全国紙、産業界、政界が移民立国に向かって動き出す
 3月28日の日経新聞の一面トップに「2020年全都道府県で人口減」の見出しの記事が掲載された。その結論部分は次のとおり。
「元気な高齢者や女性が社会保障の受け手から支え手に変わらなければ、経済の活力は維持できない。国内の働き手の急減を補う移民の検討も課題に浮上してくる」

 翌29日の日経新聞は、政府の産業競争力会議(議長・安倍晋三首相)の民間議員がまとめた「外資誘致に向けた民間議員の提言」について報道している。
『日経』によると、提言の中に「高い能力を持つ外国人の在留基準の緩和。特に東京で特区を設けて受け入れを促進」と「移民政策を本格的に検討」が入っているとのこと。
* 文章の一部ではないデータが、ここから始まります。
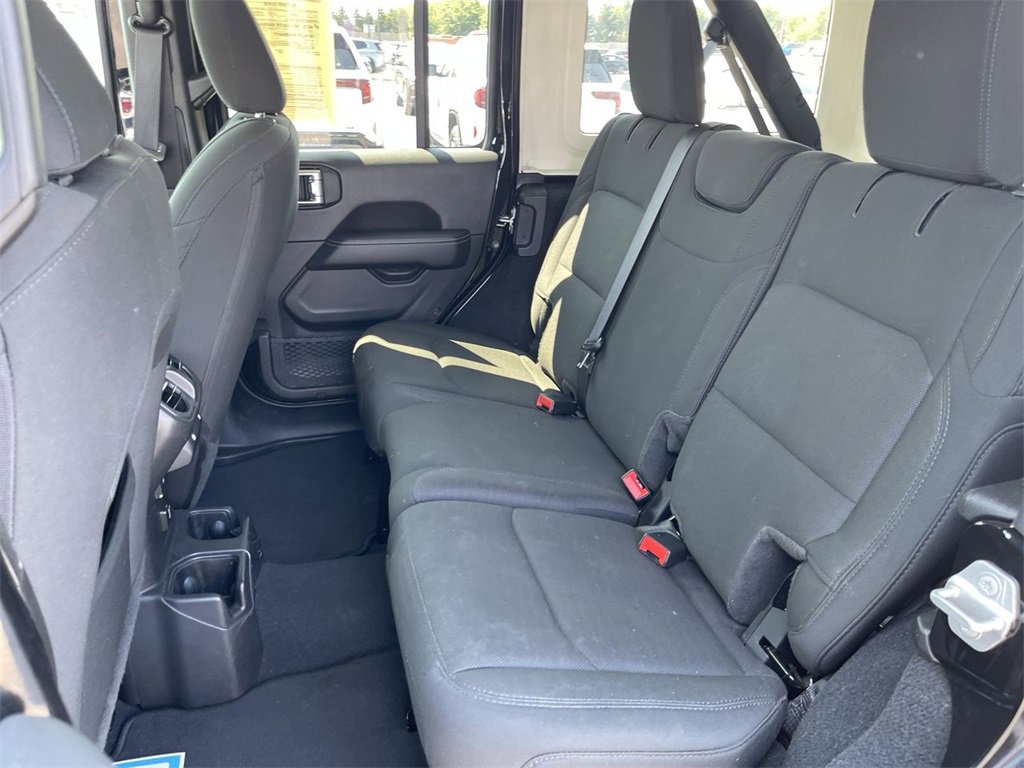 Used 2022 Jeep Wrangler Unlimited Sahara image 22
 安倍政権は最重要の課題の移民問題に本格的に取り組む構えではないか。

 3月30日の朝日新聞の社説は、「外国人看護師―結果が出る養成策を」の見出しで次のように主張した。
書き出しは「高齢化社会を迎え、看護現場に多くの手が必要だ。外国からの人材にも、大いに力になってもらいたい」である。
結びは「看護師不足が一層深刻化してから手を打っても遅すぎる。ケア人材についての移民政策を打ち立て、「人の開国」に弾みをつけるべき時だ」である。

 『朝日』の社説は移民政策支持の立場を鮮明にしたものだ。

 今か今かと待ちわびていたが、全国紙、産業界、政界は移民立国に向けた動きを加速させる気配だ。移民に春が訪れるのは遠くないと予感する。

« »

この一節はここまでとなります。